## Work instructions
I need the lines below from the one with "6. Use a content" down to the one with "Hi guys. Today" reproduced exactly, both ends included, and nothing else.

:: Supplied entries ::

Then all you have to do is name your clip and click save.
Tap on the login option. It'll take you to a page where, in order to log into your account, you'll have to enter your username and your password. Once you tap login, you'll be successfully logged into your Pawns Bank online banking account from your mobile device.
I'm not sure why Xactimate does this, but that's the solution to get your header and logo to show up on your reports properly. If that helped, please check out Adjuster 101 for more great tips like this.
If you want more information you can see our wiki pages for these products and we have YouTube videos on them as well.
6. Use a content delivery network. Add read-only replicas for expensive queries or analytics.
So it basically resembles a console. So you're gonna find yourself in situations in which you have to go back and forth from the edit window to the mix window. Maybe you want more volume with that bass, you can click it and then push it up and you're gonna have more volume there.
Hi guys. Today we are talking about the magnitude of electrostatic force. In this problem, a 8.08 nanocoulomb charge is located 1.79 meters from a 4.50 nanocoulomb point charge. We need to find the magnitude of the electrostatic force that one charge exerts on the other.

:::
:: Supplied entries ::

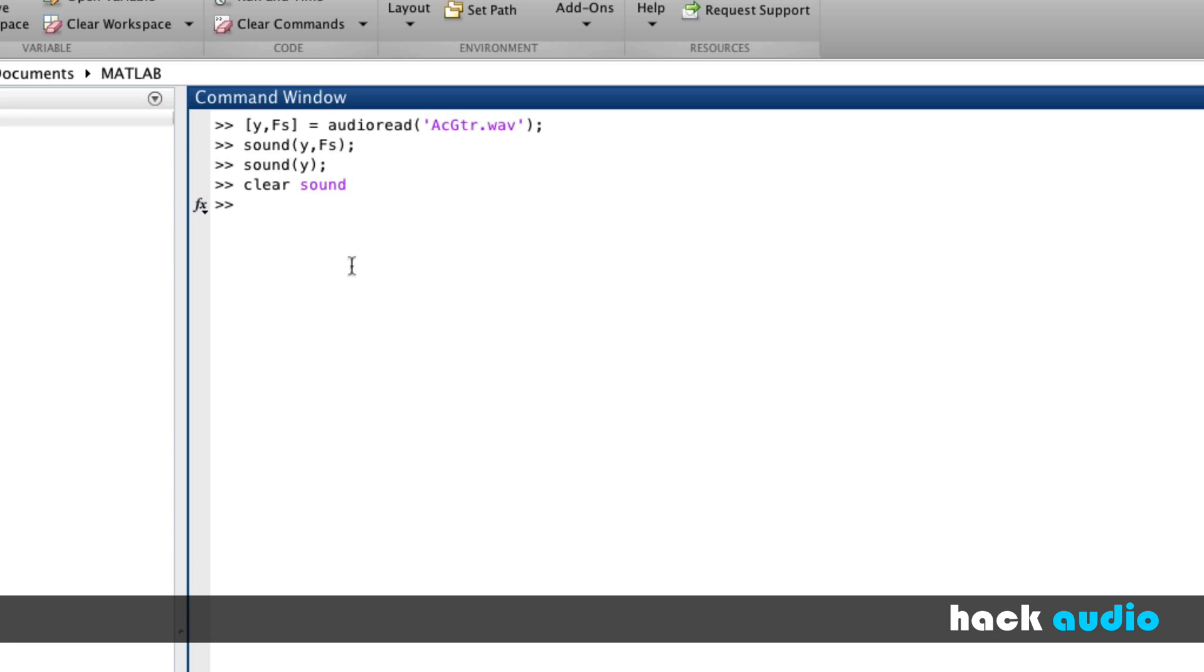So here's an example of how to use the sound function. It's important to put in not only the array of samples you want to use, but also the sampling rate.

:::

## Answer space
6. Use a content delivery network. Add read-only replicas for expensive queries or analytics.
So it basically resembles a console. So you're gonna find yourself in situations in which you have to go back and forth from the edit window to the mix window. Maybe you want more volume with that bass, you can click it and then push it up and you're gonna have more volume there.
Hi guys. Today we are talking about the magnitude of electrostatic force. In this problem, a 8.08 nanocoulomb charge is located 1.79 meters from a 4.50 nanocoulomb point charge. We need to find the magnitude of the electrostatic force that one charge exerts on the other.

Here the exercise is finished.